I am sitting in the AT/AE/AO (called AV/ARM for Avionics and Armament,) shop when I hear that we have a new AT1 coming into the squadron. Thinking that this one has to be worse than the current despotic boob I am working for the only thing I can do at the time is sigh, walk back outside to fight more of the ongoing Vietnam against corrosion. We're constantly taking it apart, cleaning it, and putting it back together. For some strange reason, I expected that as an aviation electronics technician I would be doing more aviation electronics type labor versus the aviation janitorial work than I am currently doing. Jack and I talk about the new AT1 in not so nice terms mainly involving heavy use of superlatives not mentioned in polite conversation. Something along the lines of bone yodeler, moron, fuckhead. You get the idea.
About a week later a slightly large Caucasian man with close-cropped gray hair encased in the prison blue dungaree uniform we all wear is sitting in the shop. This is the new AT1, on first look he appears to be a reasonable sort of cat. This is probably the smartest thing that I have ever come up with.
Some months later Rancid_Pickle and I are sitting in front of his house discussing something that went wrong with the aircraft, thus causing me a considerable amount of frustration. This typically happens when I find something that is out of the ordinary. I spend a few hours banging my head against the radar (there was the time when everything rotated backwards,) or the ADS (damn data bus terminations,) or the BRU-14A bomb racks and the ancient ASQ-165 (racks won't unlock,) armament system. Then there was the constant radar altimeter warning tone that varied with pitch, frequency, and timing depending on which lighting rheostat you turned up or down. Turn the ATO instrument lights up and the thing goes boop, boop, boop, turn the overhead console lights up and you get a much faster boop, boop, boop. Turn the pilot instrument lights up along with the secondary instrument panel lights and you get a peppy beep, beep, beep about four octaves higher than it should have been. That was a dinger. I kept telling them that it was the AFCS (automatic flight control system,) computer. They didn't listen which caused us to shoot wires for three days until someone finally did listen and it turned out that it was the AFCS computer after all. Pickle and I discussed this after the fact and came to the conclusion that my ranting and raving at maintenance control probably did nothing to convince them that I was at all in the right. He says this with the conviction of someone who was in and managed to survive the LAMPS Mk III Penalty Box, separate from the military and find a considerably better job. He also managed to save my ass from prosecution, teach me a huge amount of crap relating to avionics and generally provided me with a direction I was sorely lacking. All of this before getting out and continuing to be one of the best friends that I have had to this day.

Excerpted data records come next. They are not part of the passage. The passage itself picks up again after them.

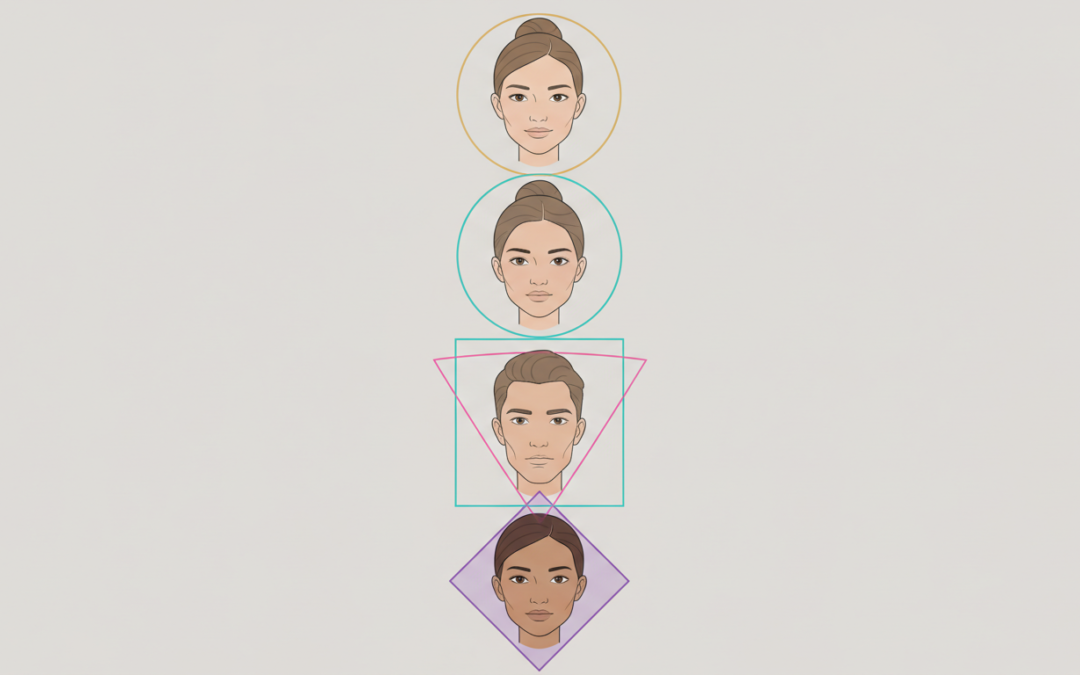 Comment déterminer la forme de votre visage pour mieux choisir votre style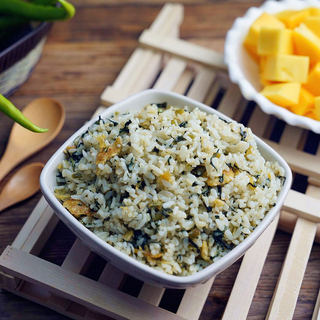 空心菜蛋炒饭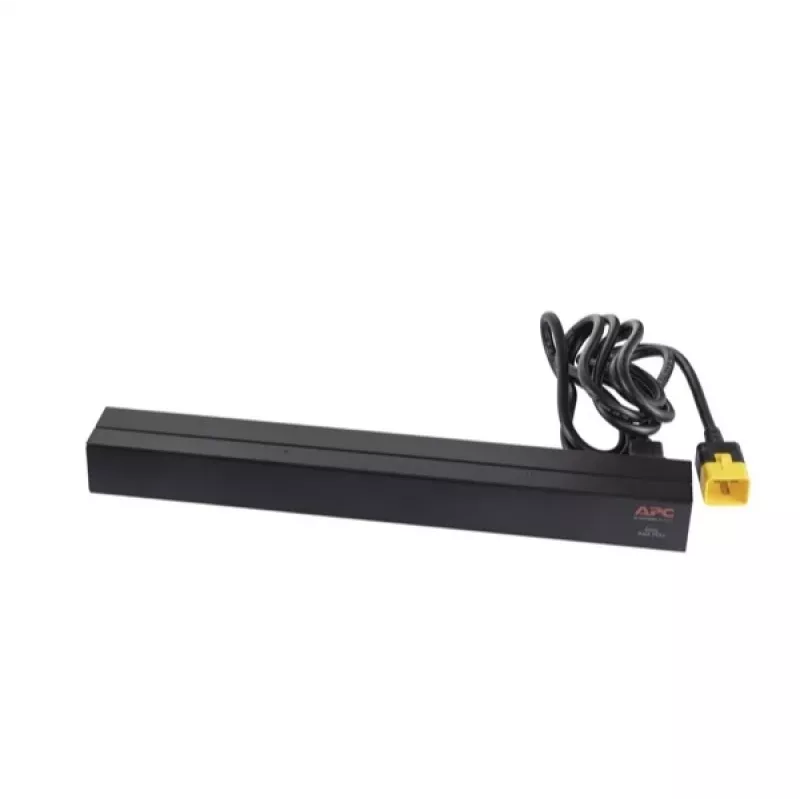 APC NetShelter Basic Rack PDU, 1U, 1PH, 3,7kW 230V 16A oder 3,3kW 208V 16A, x12 C13-Ausgänge, C20-Kabel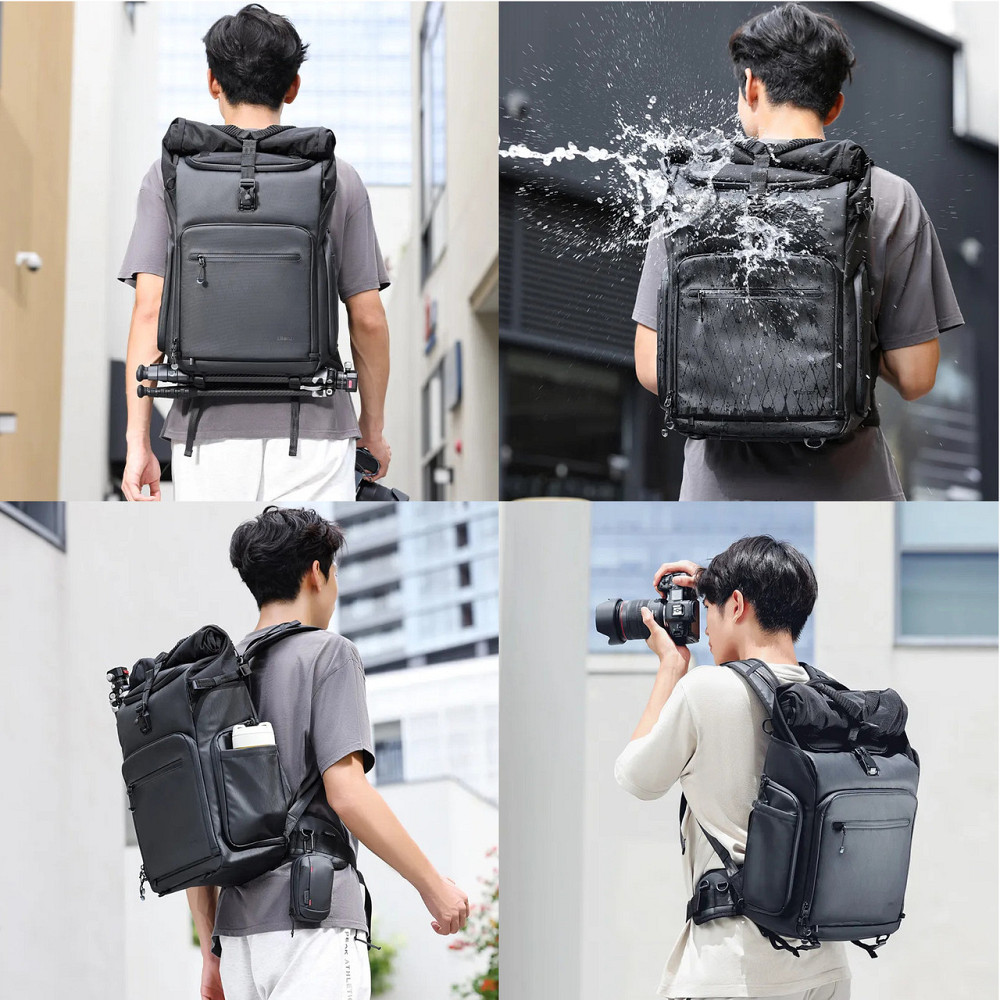 Рюкзак для фототехніки та подорожей 25-32л Ulanzi BT01 Київ - фото 6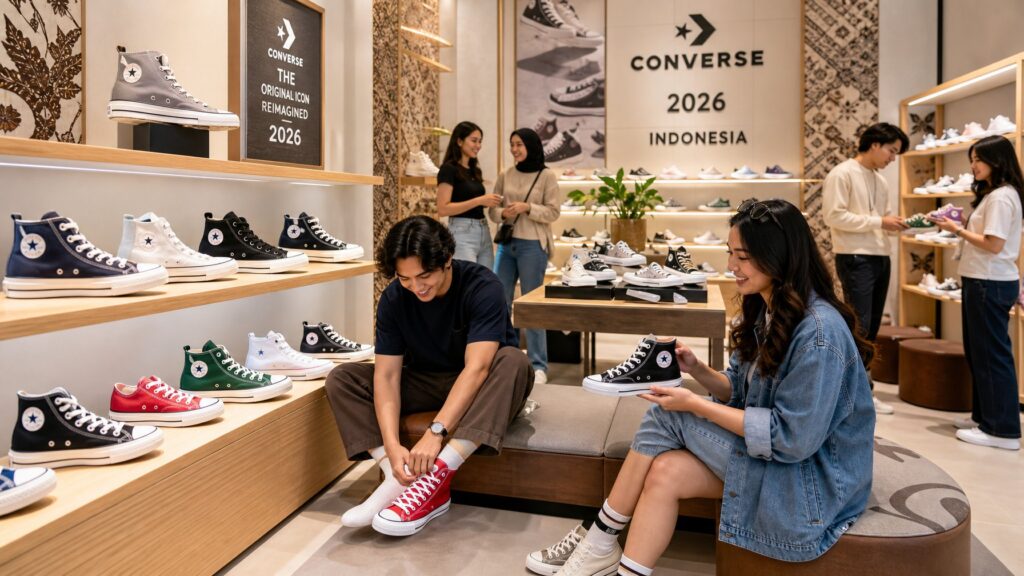 Daftar Harga Converse 2026 Original di Indonesia: Model Terbaru dan Detail Lengkap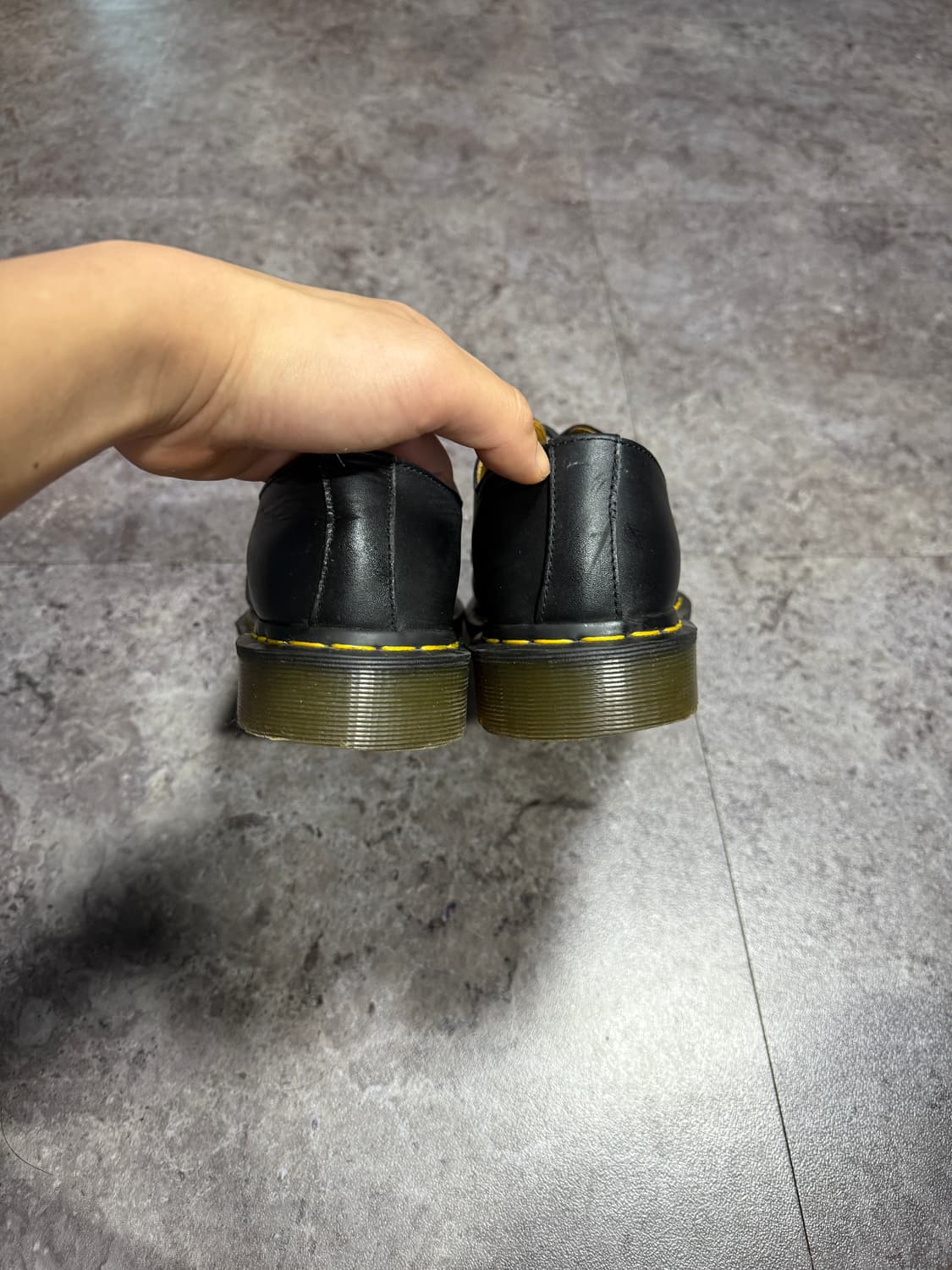 닥터마틴 1461 나파 260 오솔라이트 프리미엄 상품이미지3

He and I talk about a great number of things. Computer security is a favorite topic, along with anime, food, what is going on at work, what his kids are up to these days, my frustrations with the Navy, etc. Pickle and my former roommate Pheel, Velleity, Courtney, my brother Latent and I form a society of geeks that sit in what was once the greatest coffee house in all of San Diego. We consume coffee, we make a mockery of social issues, we acquire huge amounts of dead tech from various places and then proceed to fiddle with it over bowl sized cups of bean soup. This is good for awhile.
Eventually the six of us split and go our separate ways with the exception of Pickle and I who continue to consume huge amounts of coffee while I attempt to teach myself IP subnetting and other nuances of technology. During this time he helps with the process by pointing out where I am going wrong with one thing or another and providing a great deal of assistance with other problems.
Later on Pickle moves to Colorado while I am floating somewhere off of Japan, I come home and find that things are slightly different with him gone. Later on or tomorrow I will pick up the phone and begin whining about a Penguin missile rack that did not want to accept aircraft power. The conversation will run for a few minutes and then I have a few questions about RF theory for him, after that we'll just babble on as we usually do with little or no apparent point. To this day, I know that I can still call and talk to him and find all of our history on the other end. Rancid_Pickle is my mentor, the editor of a vast majority of what I write, and most of all my friend.
LOOK KIDS! AN INSIDE JOKE!
Daewoo did not force me to write this. This node is not actually the work of one of their nefarious agents. I swear.
Another super-random nodeshell rescue.